Aveva scelto me, ma, se gli avessi dato buca, ci sarebbero state trecento ragazzine urlanti disposte a consolarlo.

Lo tenevo legato a me solo per non darlo a loro, in realtà.

Salutai svogliatamente la bidella seduta all’ingresso, poggiando la mano sull’enorme maniglia antipanico e spingendola verso il basso – con un clic rugginoso si aprì, e io uscii all’aria aperta, seguendo i miei compagni di classe per il vialetto.

Una folta di vento.

Mi voltai, notando che il mio fermacapelli – il mio fermacapelli preferito – era volato via, atterrando qualche metro più in là, nei pressi del magazzino in cui solevamo riporre gli articoli sportivi. “Cavolo”, commentai sottovoce, correndo sull’erba ancora umida per la precedente pioggia e chinandomi.

C’era qualcosa di strano, lì.

Dalla minuscola stanza proveniva un cupo rumore – ferro che sbatte – e una voce, roca e divertita, raggiunse le mie orecchie.

Sobbalzai. “Chi sei?”, chiesi, ben conscia che no, non avrei ricevuto risposta.

Era forse Koga?

Magari, voleva punirmi. Voleva prendermi un po’ in giro per averlo piantato ancora una volta in asso. O, forse, voleva attirarmi nello stanzino solo per gioco. Voleva farmi paura.

Ridacchiai, aprendo la porta e chiamandolo a gran voce.

Nessuno.

La stanza era vuota.

Non un’anima, non una persona. Solo palloni, tappetini e corde per saltare.

Null’altro.

“Koga, se il tuo è uno scherzo non fa ridere”, sbottai, frustrata. Ero insofferente alle prese in giro, e odiavo cordialmente coloro che sfottevano. Se Koga non l’avesse smessa, non gli avrei più rivolto la parola.

Era una promessa.

“Koga?”.

Inciampai.

C’era qualcosa, sul pavimento. In quei pochi metri – era la stanza più piccola di tutto l’istituto – c’era qualcosa di strano.
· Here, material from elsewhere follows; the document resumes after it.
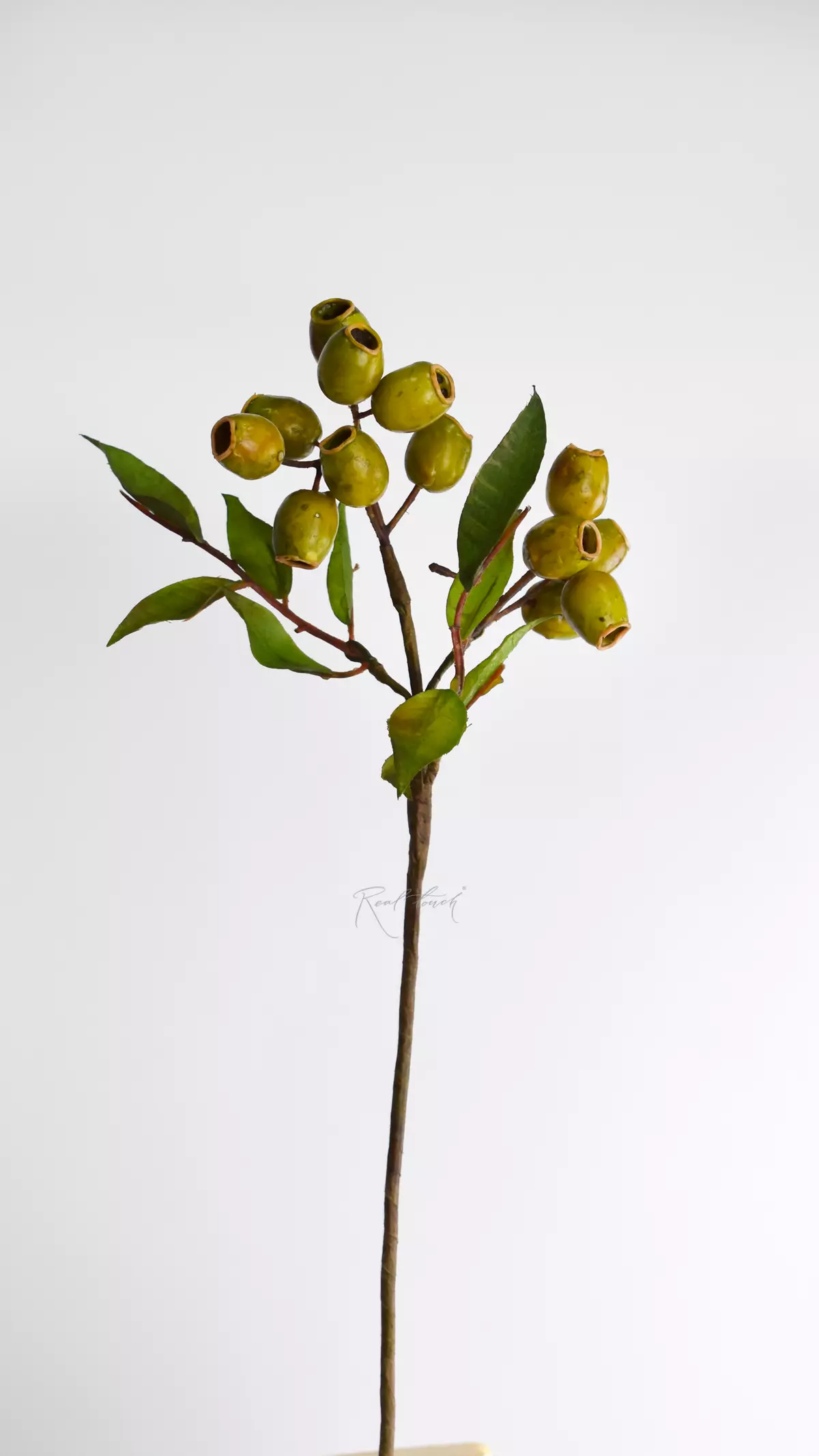 Artificial Eucalyptus branch with fruits  - green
Gattonai un po’, finché con le dita non sfregai quel qualcosa.

“Che…?”, esordii, alzandolo – un quaderno. Un banalissimo quaderno nero, unto, sporco, vecchio.

Banale, e inutile.

“Chi ti ha dimenticato?”, chiesi retorica, aprendo la copertina. Non c’erano nomi. Solo una scritta, scolorita. “Death Note?”, lessi, sfiorandola. Era incavata nel nero. Le parole erano ossa bianchissime, e le osservai, sorridendo. Intrigante.

Poi un rumore – passi – raggiunse le mie orecchie. Mi voltai di scatto, incontrando due iridi d’oro.

“Tu chi sei?”, mormorai, la voce rotta dal terrore e l’adrenalina che scorreva nelle vene.

Lui rise, passandosi una mano tra i lunghi capelli d’argento e sospirando. “Uno Shinigami”, gongolò, facendo un passo in avanti ed inchinandosi – beffardo. Mi stava prendendo in giro. “Salve, nuova padrona del Death Note”.